Considering both data set, some of the properties demonstrated are similar. One of the characteristics of the data that is the same for F1 and M1 is the mode. The mode refers to the value that is repeated many times in the data set. In this case, the mode is zero for each data set. Skewness is another property that relates to the two data sets. Data can be positively, negatively skewed, or skewed normally. Data that is positively skewed have scores concentrated to the left, and the tail tending to the left. Negatively skewed data have most of the data clustered to the right and the tail expanding to the right. In a normal distribution, scores gather to the center.

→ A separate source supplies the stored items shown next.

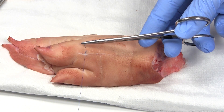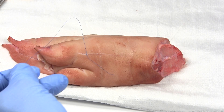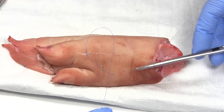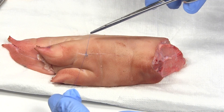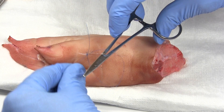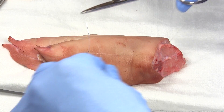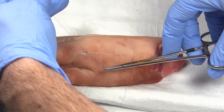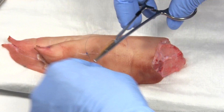So there's the first knot — two throws. Then the second time, go one throw: one wrap around and pull through. Each time you do a knot, go in the opposite direction. If the first time you went around from the left side of the needle driver, the second time go around from the right side. Alternate like this, and do that about four or five times.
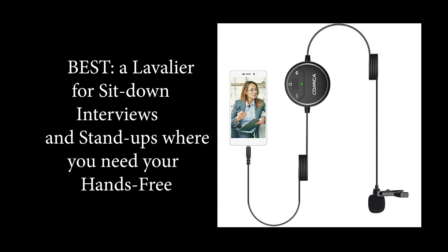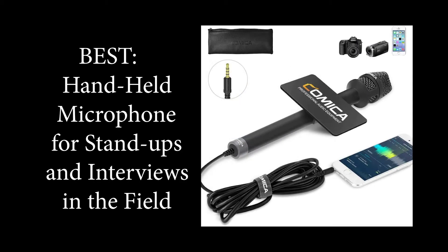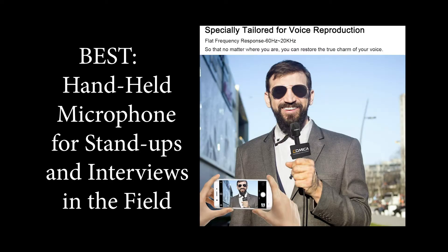Doesn't this sound better than using your camera microphone? Spend a couple of dollars — anywhere between twenty and maybe thirty dollars. You can get one of these devices that you can use for your phone and also for your camera. Never ever use your camera microphone or your phone microphone if it's possible.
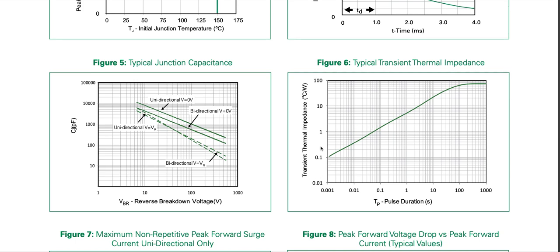Looking at typical transient thermal impedance in degrees Celsius per watt versus pulse duration: at 1 millisecond pulse duration it is 0.1 degrees Celsius per watt. At 1 second pulse duration it is about 5 degrees Celsius per watt. For long pulse durations it approaches 70 degrees Celsius per watt.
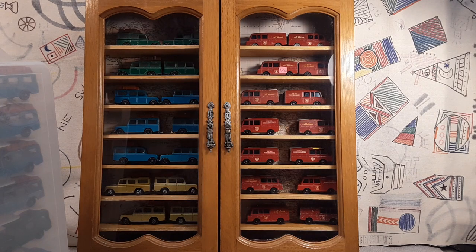G'day, g'day! How the heck are ya? Welcome to Roverland! This is your friend Dan O. Well, I got something for you today.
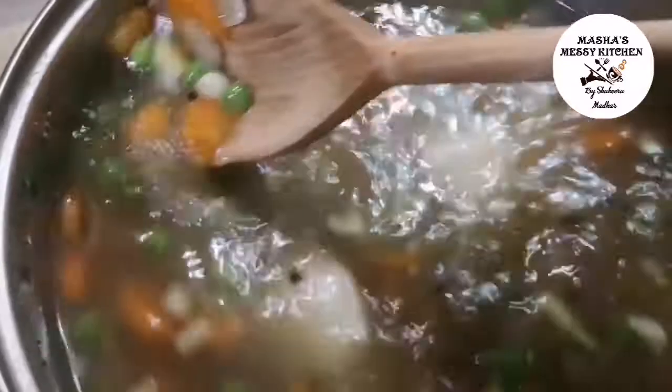Add it all in as well. Add the chicken to the pot — this makes a 3-4 serving soup. Cook the chicken for 10 minutes.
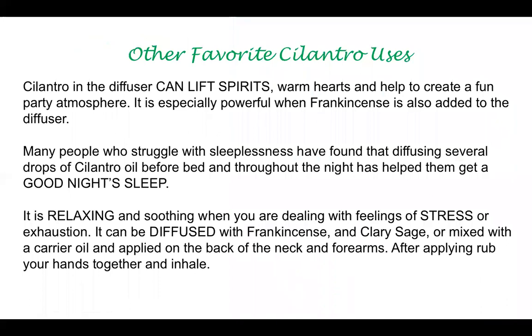Cilantro can also lift your spirits. If you diffuse it with frankincense, it's a really great pairing in the diffuser to uplift mood. People who are struggling with sleep have found that diffusing this before bed helps them sleep better. It's a really nice relaxing and soothing blend when pairing it with frankincense and clary sage in the diffuser, or you can apply it to the back of your neck and forearms.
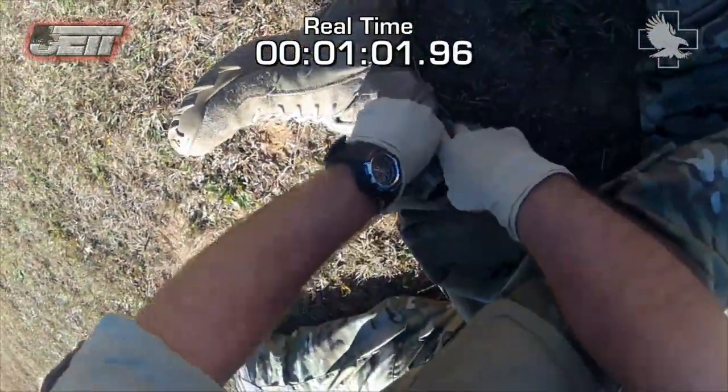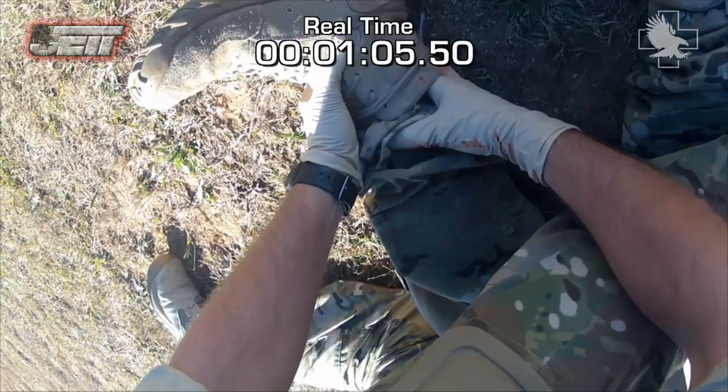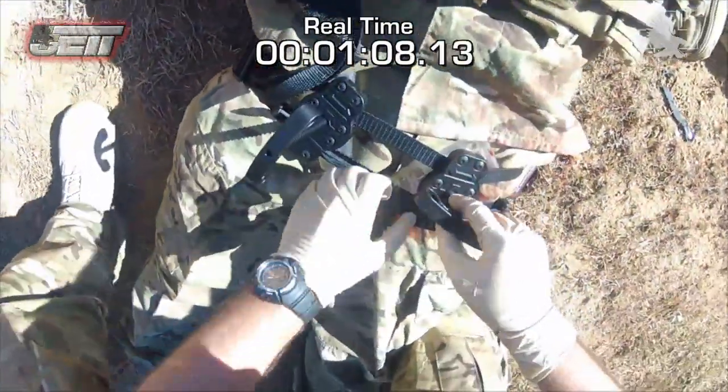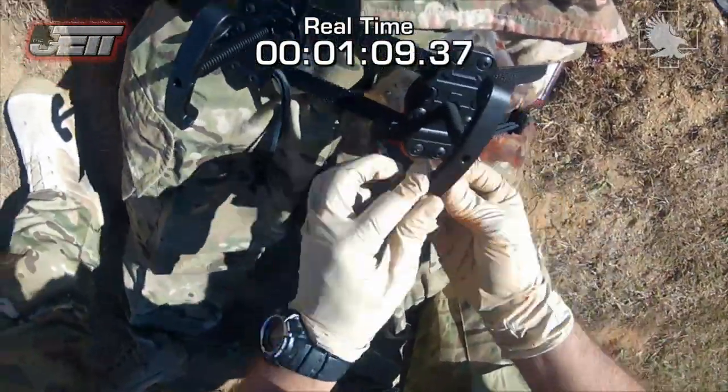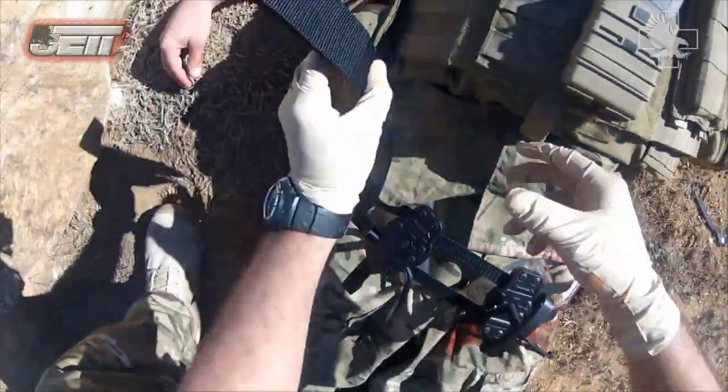High extremity wounds in the thigh-groin region where tourniquets cannot be placed or are less effective require equipment such as the JET to stop bleeding and potentially save the life of a casualty that would otherwise bleed out in minutes. Penetrating trauma, blast injuries, and amputation are examples of injuries that may require treatment with this device.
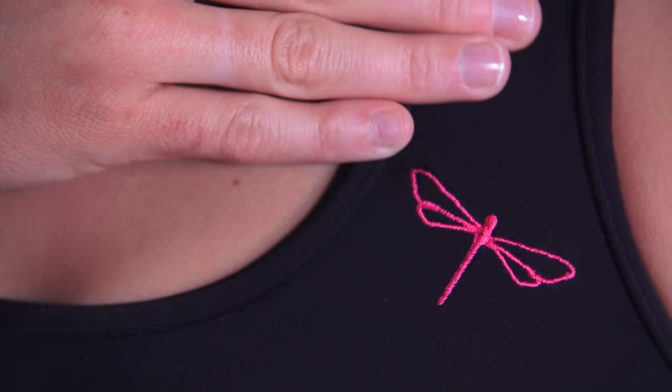Same as all Dragonfly products, the Sporty Top has a decent, unmistakable Dragonfly logo embroidery.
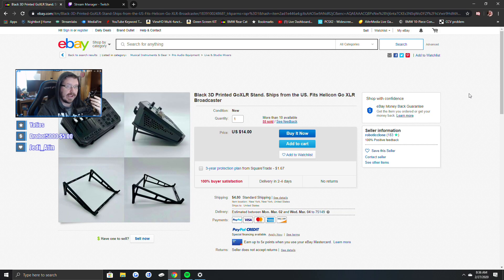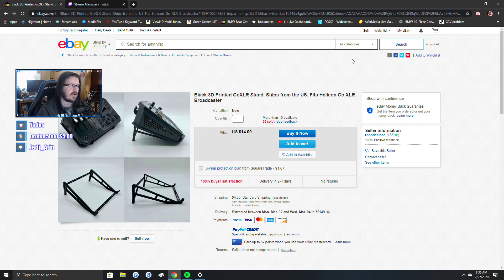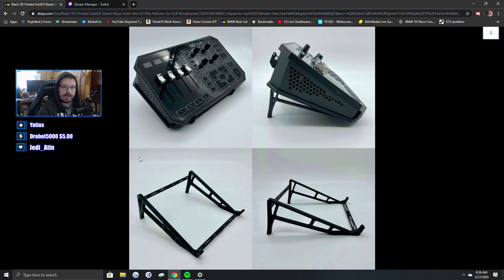I found that to be a little on the ridiculous side, so I decided to do some looking around, see what I could find. And what I found was this — I'm actually going to switch scenes here. I actually found this — so I found this, and it's a 3D printed stand for the GoXLR, and that's what I'm using now. It's how I got it leveled up to my face. It's about a 45 degree angle — it's around that, I don't know how accurate it is, but it's around a 45 degree angle.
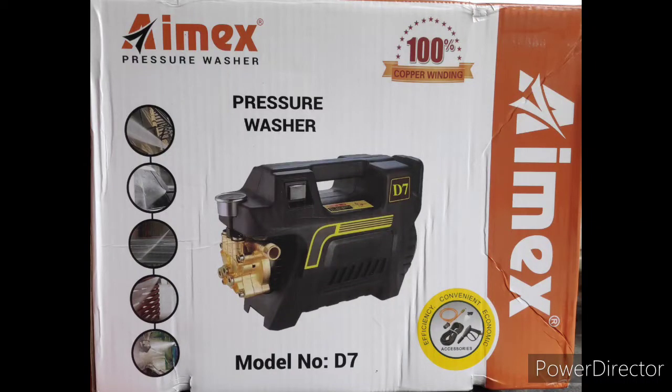Hello friends, welcome to the unboxing of the AMX Pressure Washer. We have a pressure washer for use on cars and bikes.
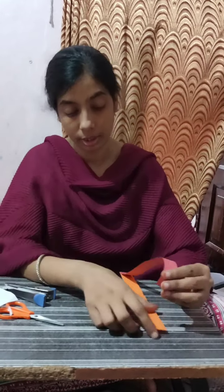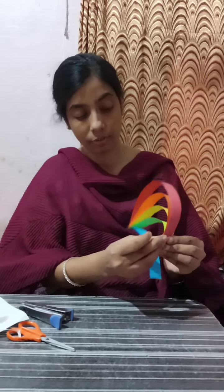Yellow paper — this is a round shape. After that we will take green, then blue, then violet. Like this. Now we arrange it. We have to arrange it and put the stapler on the top.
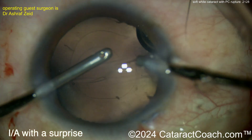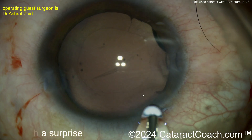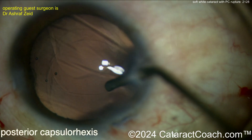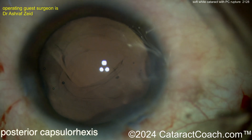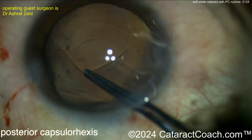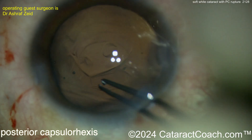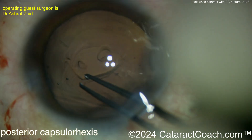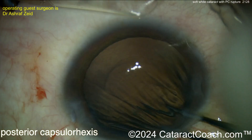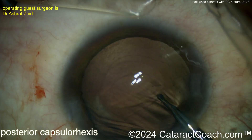Cleaning up all of that lens cortex — don't let the eye collapse. You may want to leave the infusion in until you can place viscoelastic. Now attempt a posterior capsular rhexis if you can; that will help prevent the posterior capsule break from extending even more. If you can grab down there with your capsulorrhexis forceps just to create something continuous — it doesn't have to be perfectly round, as long as it's continuous it likely won't run out as much.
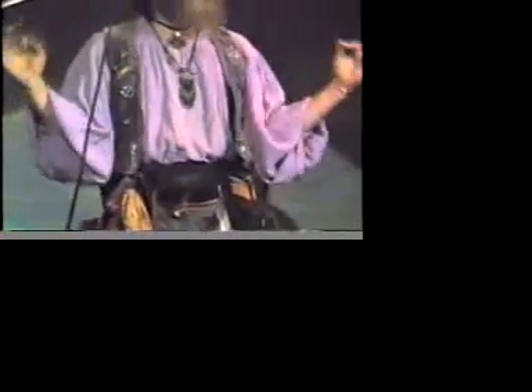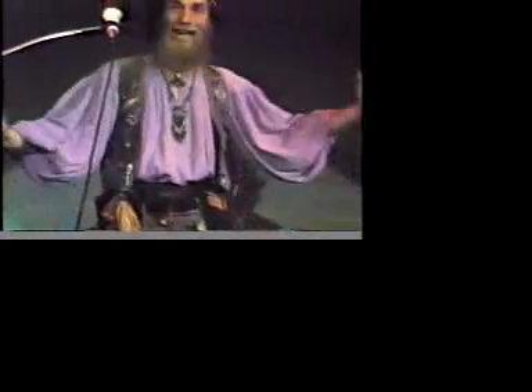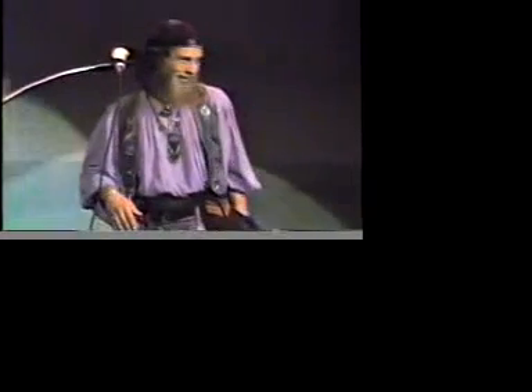I figured if I could show you a trick, not only could you go home with memories, you could actually go home and fool your friends. It's kind of an easy one — that's why I could do it. And it's a red handkerchief trick.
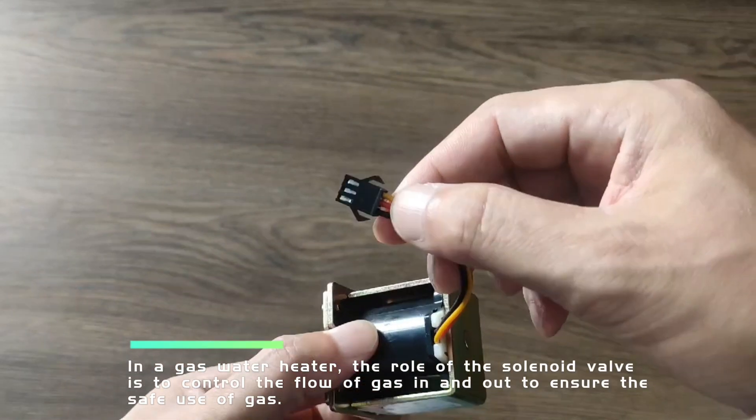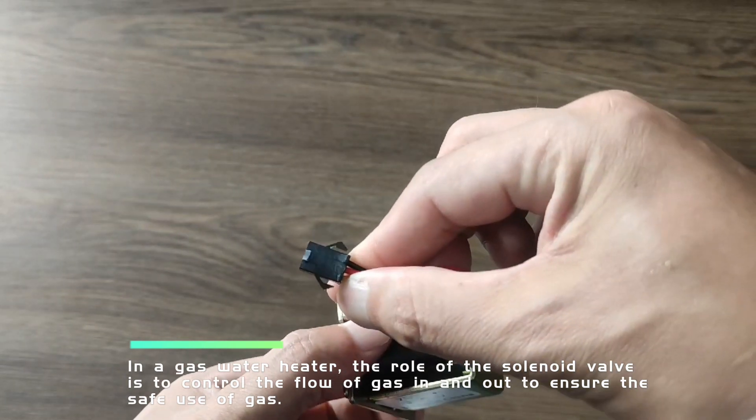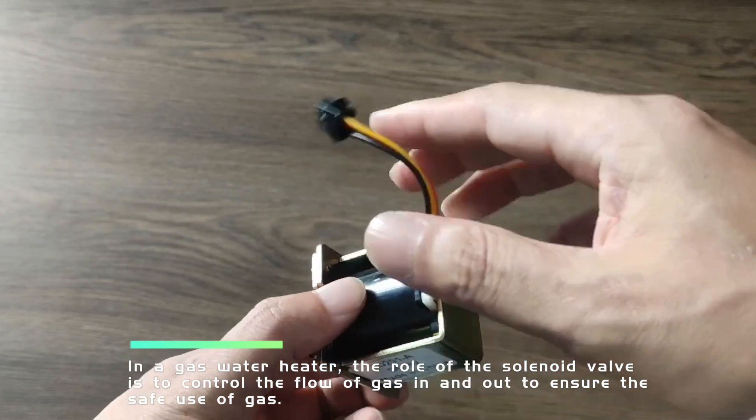In a gas-water heater, the role of the solenoid valve is to control the flow of gas in and out to ensure the safe use of gas.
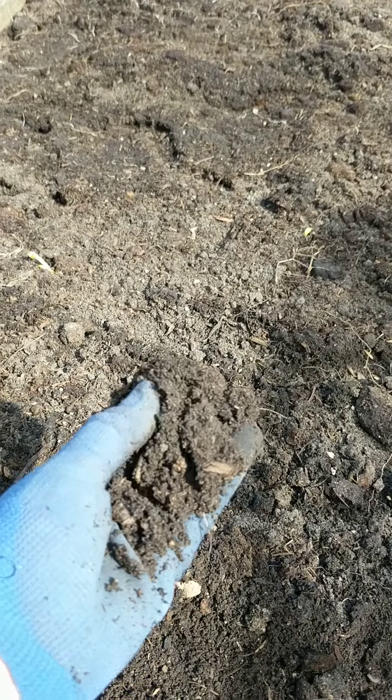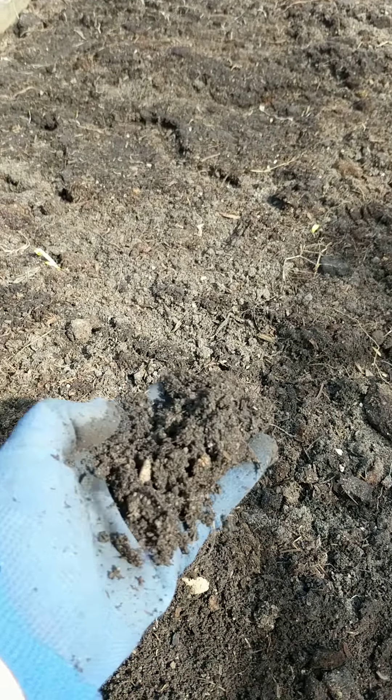Hi folks, Debbie Rae here, the Gardener Wife. Today I'm getting ready to do another sowing of cool crops, and I want to talk a bit about how to determine when it is time to do that.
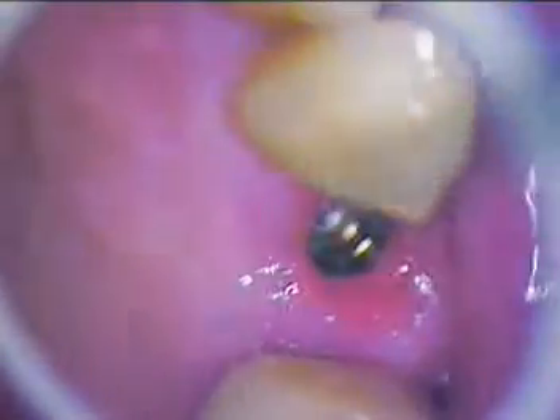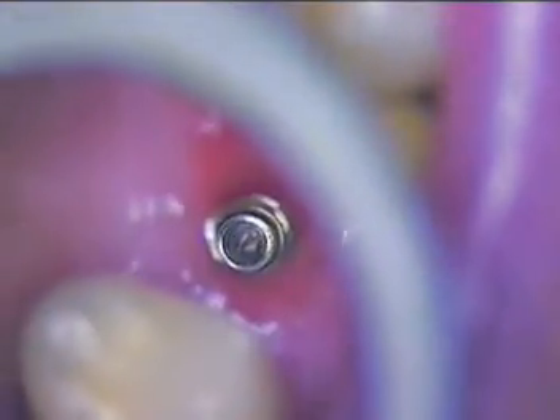So we'll say goodbye to the temporary and go ahead and vacuum out and dry the implant site. You can actually read the serial number down there on the implant. We want to make sure the threads are clear — and they are, very nice.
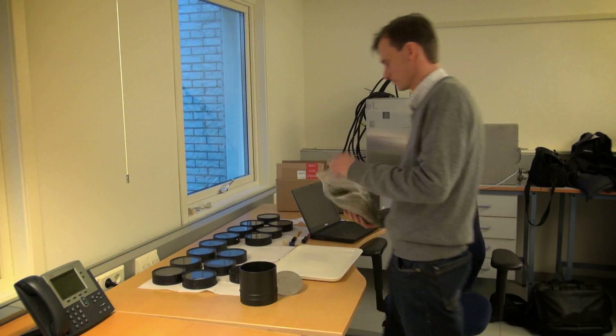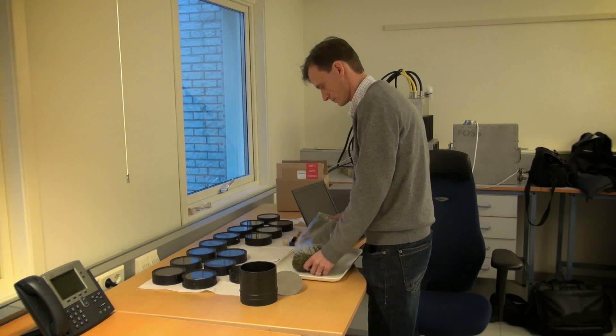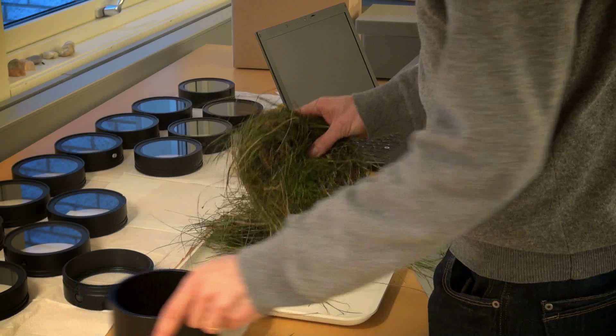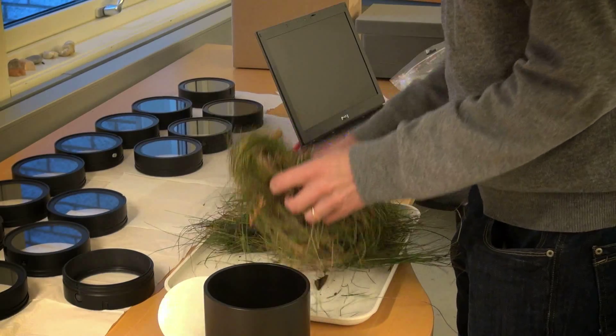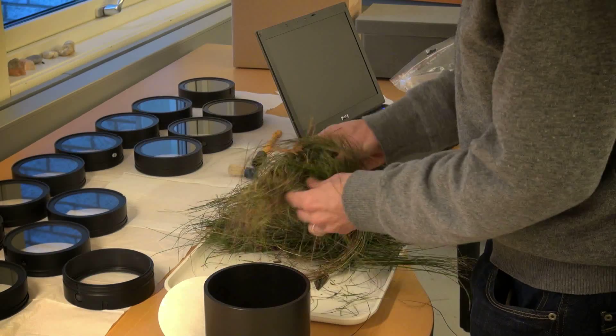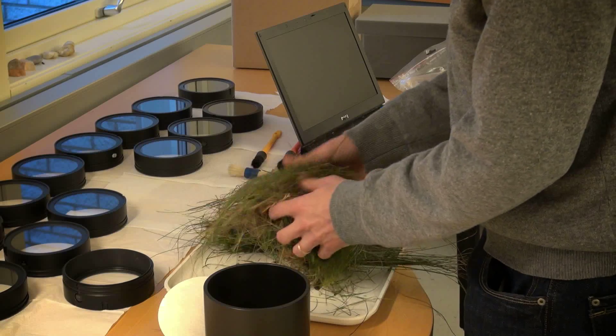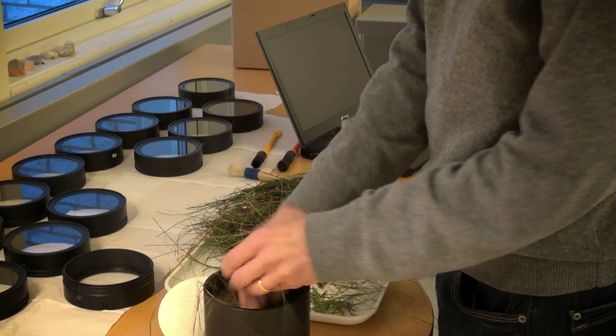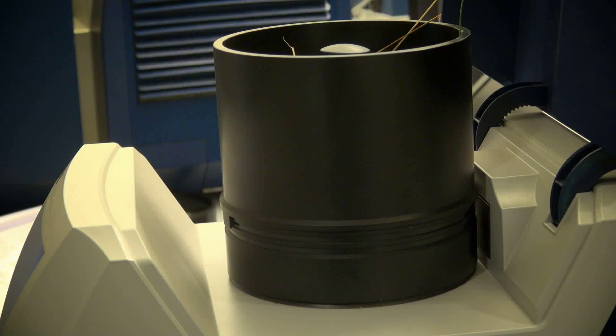The sample presentation is the most critical part of the instrument. You want to measure as much as possible of the sample, which means you want to have a large cup for the wet forage — a large cup and measuring on many different points. It should be easy to pack the sample homogeneously in the sample cup.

Similarly, if the median is bigger than the mean, the data set is said to be skewed to the left. Conversely, in case the median is smaller than the presented mean, such a data is right-skewed. From the data provided, it can be noted that the M1-mean is greater than the median, implying that that data set is skewed to the right. Additionally, the median for F1 is less than the mean denoting a right-skewed data. Besides, it can be established that the mean is larger than the median in both cases demonstrating further similarities.

Q3: DifferencesThe data sets showcase some differences in some of their properties. Firstly, the distribution of the data is not the same as denoted by the shape of the histograms. M1 has outliers and, thus, not normally distributed. The presence of outliers in M1 signifies an abnormal distribution of data which requires investigation. On the other hand, F1 assumes a normal distribution highlighting the lack of abnormalities in the data. In terms of kurtosis (peakedness), M1 is perfect while F1 is not.

Q4: Consequences of a Significant Difference

The significant difference in properties exhibited by both data sets means that the causes of the difference require an investigation. In the case where there are outliers, there is a strong signal that there is a severe concern requiring further consideration. As such, such data requires re-evaluation on the cause of the significant existing gap, which might be an error or abnormalities during data measurement. Statistically, the M1 data set can be misleading if interpreted without finding out the causes of the difference such as the outlier.

Summary

Therefore, the analysis shows that the data set M1 has outliers as denoted by the diagram starting from 4000 bin meaning an error when recording data or presence of an abnormality in the data. The mode and skewness are the two similar properties in both data sets. The mode for each data set is zero, implying none of the data value appears more than once. The two data sets demonstrate negative skewness. The peakedness is dissimilar, whereby M1 shows a perfect kurtosis and F1 does not perfect.

References

Hawkins, D M. Identification of Outliers. Dordrecht: Springer Netherlands, 1980.